Personal information
- Born: March 13, 1972 (age 54) Fort Lauderdale, Florida, U.S.
- Listed height: 5 ft 11 in (1.80 m)
- Listed weight: 230 lb (104 kg)

Career information
- High school: Dillard (Fort Lauderdale)
- College: Auburn
- NFL draft: 1994: 3rd round, 83rd overall pick

Career history
- Los Angeles / St. Louis Rams (1994–1995); Green Bay Packers (1996); Kansas City Chiefs (1998)*; Miami Dolphins (1998); Philadelphia Eagles (1998-1999); Birmingham Thunderbolts (2001);
- * Offseason or practice squad member only

Awards and highlights
- Super Bowl champion (XXXI); 2× First-team All-SEC (1992, 1993);

Career NFL statistics
- Rushing yards: 19
- Rushing average: 3.8
- Receptions: 5
- Receiving yards: 8
- Stats at Pro Football Reference

= James Bostic =

American football player (born 1972)

James Edward Bostic (born March 13, 1972) is an American former professional football player who was a running back in the National Football League (NFL). He played college football for the Auburn Tigers. He played in the NFL for the Philadelphia Eagles, and also played in the defunct XFL.

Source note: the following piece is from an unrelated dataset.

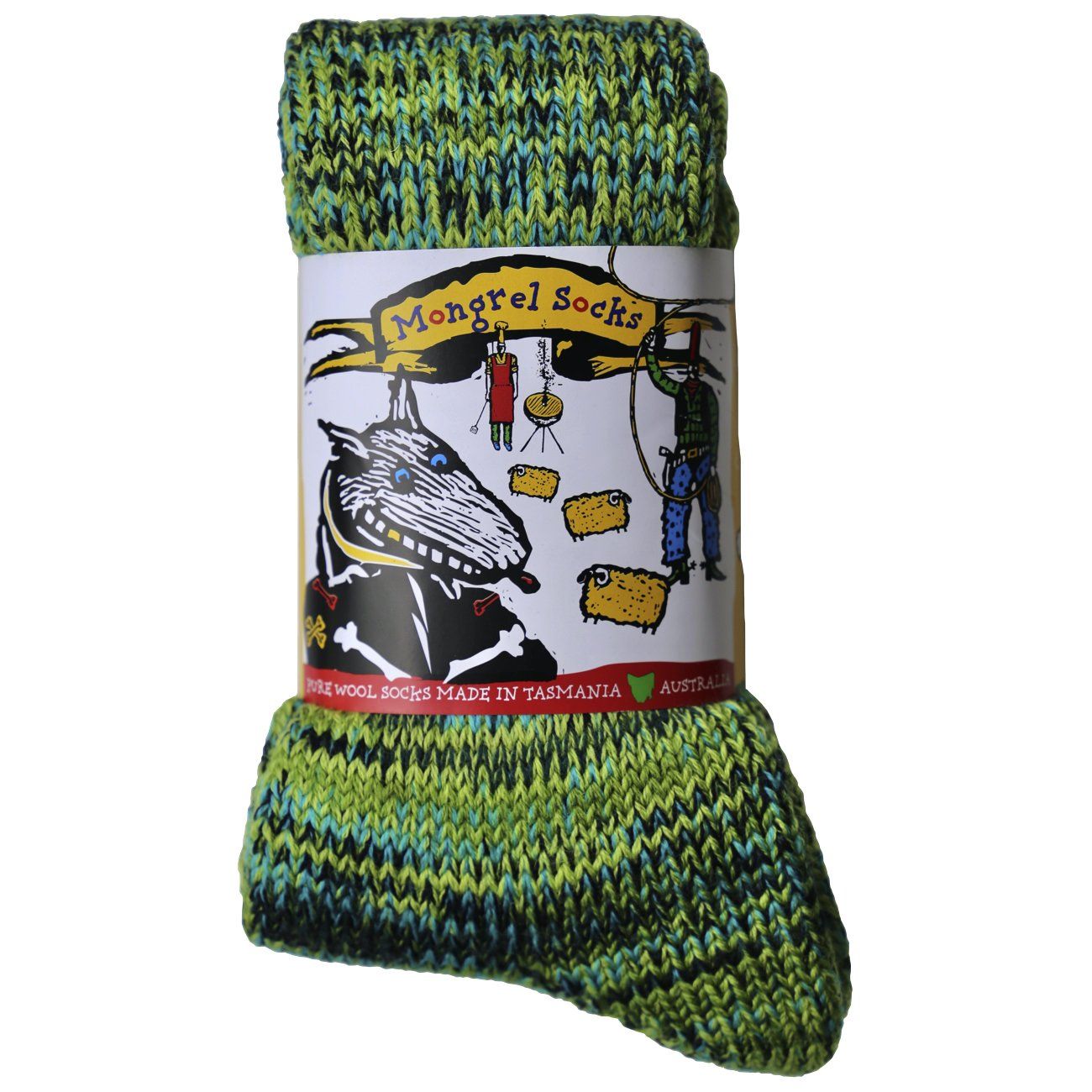 Pure Merino Wool Mongrel Socks, Very Green - Birkenstock Hahndorf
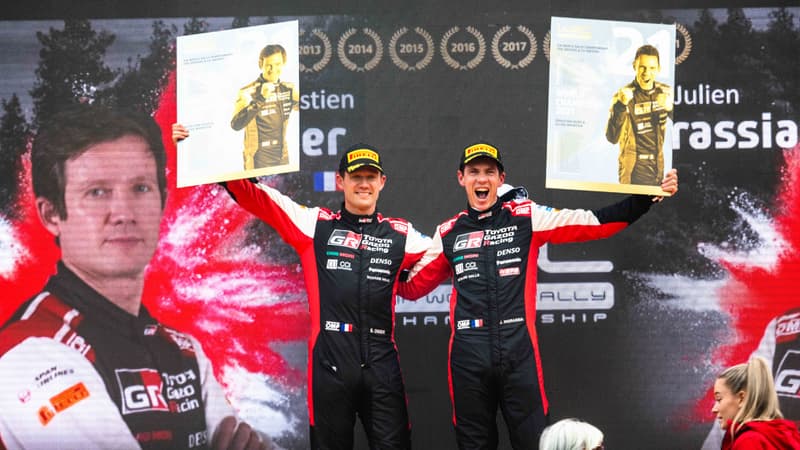 Sebastien Ogier et Julien Ingrassia apres le titre de champion du monde a Monza le 21 novembre 2021 2192212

During the 1993 season with Auburn, James was the leading running back in the Southeastern Conference. He led the conference with 1,205 yards in 199 attempts in 11 games. He averaged 6.1 YPC, scored 12 touchdown's, and averaged 109.6 YDSPG.

He was selected in the third round of the 1994 NFL draft by the Los Angeles Rams, but never played for the team. Bostic was briefly signed to the practice squad of the Miami Dolphins but was waived on September 30, 1998. Bostic eventually signed with the Philadelphia Eagles for the 1998 and 1999 seasons. He appeared in 11 total games for Philadelphia, with five rushing attempts for 19 yards and five receptions for eight yards, all in the 1999 season.

In 2001, Bostic was the starting running back for the XFL's Birmingham Thunderbolts. He led the XFL in rushing attempts that year with 153, and was third in rushing yards with 536.

In 2004, Bostic had a tryout for the NFL's Miami Dolphins. Bostic retired from professional football shortly after.

He lives in Coral Springs, Florida, where he serves as a police officer.